FranÇois Morellet
“I believed in
God until I was twenty, then in progress until I was forty and then… in nothing
at all. My first ‘electric works,’ which were created when I was about
thirty-seven, are therefore more or less guaranteed to be without
transcendence; they neither glorify God nor the electricity fairy and only
touched upon the sciences of the future such as kinetics, cybernetics, computer
technology or quite simply mathematics. […] At that time I was also
entertaining myself by conjuring up, by means of mechanical combiners, equally
thrown together, a succession of neon shapes and letters, fixed onto three
panels. It looked as though this swift, confusing scroll of images was dictated
by chance. But as my technical equipment did not stretch to a truly random
system at that time, it was actually only a parody of chance that made those
geometric shapes succeed each other irregularly—and the four words cul – con –
non – nul [arse, cunt, no, useless].”
— Esthétique éléctrique et pratique éclectique, 1991
“For about
twenty years, I doggedly produced systematic works, the constant guiding
principle being to reduce my arbitrary decisions to a minimum. In order to
channel my sensibility as an ‘Artist,’ I did away with composition, removed any
interesting aspects from the execution and rigorously applied simple,
straightforward systems that could either develop by fluke or by means of
audience participation.
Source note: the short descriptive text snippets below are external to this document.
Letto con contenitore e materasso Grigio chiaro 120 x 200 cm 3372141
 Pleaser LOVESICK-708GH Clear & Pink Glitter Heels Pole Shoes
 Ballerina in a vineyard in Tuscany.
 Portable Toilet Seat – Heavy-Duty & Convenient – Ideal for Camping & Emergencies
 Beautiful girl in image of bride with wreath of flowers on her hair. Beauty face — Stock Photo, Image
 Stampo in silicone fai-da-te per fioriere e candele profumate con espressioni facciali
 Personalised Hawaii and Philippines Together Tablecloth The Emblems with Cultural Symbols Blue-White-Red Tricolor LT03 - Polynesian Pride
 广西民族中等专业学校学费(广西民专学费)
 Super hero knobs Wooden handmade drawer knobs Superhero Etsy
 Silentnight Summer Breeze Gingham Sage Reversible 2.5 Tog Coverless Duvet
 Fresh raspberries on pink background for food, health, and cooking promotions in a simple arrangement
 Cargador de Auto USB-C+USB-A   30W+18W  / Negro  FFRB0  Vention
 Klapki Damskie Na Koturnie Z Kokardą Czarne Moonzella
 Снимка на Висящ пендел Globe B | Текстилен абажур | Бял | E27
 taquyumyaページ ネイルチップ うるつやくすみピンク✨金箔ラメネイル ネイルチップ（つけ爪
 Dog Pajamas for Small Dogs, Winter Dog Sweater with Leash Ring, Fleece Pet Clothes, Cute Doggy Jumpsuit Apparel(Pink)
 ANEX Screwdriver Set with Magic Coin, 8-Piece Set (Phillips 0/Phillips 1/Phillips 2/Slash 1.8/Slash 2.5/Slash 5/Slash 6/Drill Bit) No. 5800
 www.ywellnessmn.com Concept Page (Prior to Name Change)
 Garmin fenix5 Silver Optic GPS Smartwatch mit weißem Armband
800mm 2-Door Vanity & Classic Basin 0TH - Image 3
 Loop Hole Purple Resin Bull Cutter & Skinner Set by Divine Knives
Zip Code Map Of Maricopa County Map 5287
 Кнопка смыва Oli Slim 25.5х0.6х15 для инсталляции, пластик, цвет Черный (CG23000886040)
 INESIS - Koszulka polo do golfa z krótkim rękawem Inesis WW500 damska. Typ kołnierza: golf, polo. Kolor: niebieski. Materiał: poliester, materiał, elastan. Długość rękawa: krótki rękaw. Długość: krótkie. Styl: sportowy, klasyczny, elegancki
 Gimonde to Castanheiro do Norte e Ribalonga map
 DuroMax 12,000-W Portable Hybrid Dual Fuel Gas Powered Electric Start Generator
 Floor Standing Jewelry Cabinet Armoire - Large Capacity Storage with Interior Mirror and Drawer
These ‘works of art,’ in reaction to the flood of
messages conveyed by the vogue for Expressionism and Lyrical Abstraction twenty
years ago, were a complete flop when they were first presented in a range of
specialised venues. They occasioned no comment. In the recent past, however,
even though they cannot be ranked among the new fashionable trends which, more
than ever before, cultivate the myth of the ‘Artist’ (now it is no longer his
gestures that are analysed and admired but his attitudes, his body, his
concepts), they are triggering increasingly substantial and positive comments.
Analysis specialists see in them rigour, joy, nihilism, anguish, virtuosity,
asceticism, etc. […] The plastic arts should allow the spectator to find what
he wants, in other words what he brings to them. Artworks are picnic areas,
places where you take potluck, consuming whatever you’ve brought along. Pure
Art, Art for Art’s Sake, is there to express nothing (or everything).”
— Du spectateur
au spectateur ou l’art de déballer son piquenique, 1971
“Over the last seven or eight years, I
have ceased to regard my ‘pictures’ as perfect geometric planes (immaterial and
infinite), which needless to say they had never been in the first place. I have
turned towards all the basic material limitations: the thick, heavy picture
that requires hanging. Following the limitations of geometry, I started
concentrating on the geometry of limitations. One of the limitations I played
with a great deal was the overwhelming presence of the wallfloor couple, the
verticality-horizontality with which the canvases usually comply in the most
docile manner. It was sheer delight to make the modest ‘picture-neutral medium’
disobey, turning it, with its unusual position and slant, into a work of art,
and reduce the pretentious ‘information bearing painting’ to an unassuming role
of horizontality-verticality indicator.”
— Depuis sept ou huit ans, 1982
“What are the
qualities of this Baroque art from Bavaria-Austria (to put it simply) that so
appeal to me, that I endeavour to transpose into my work? Humour, frivolity,
joie de vivre, which are all impossible to find to this degree in any Western
church. […] And also a wonderful disrespect for architecture, with its clever
lack of balance and its volumes, which counter one another by ignoring and
severing any symmetry. To such an extent that an ordinary item of architecture
can be ‘Baroqued’ with equal nonchalance and success.”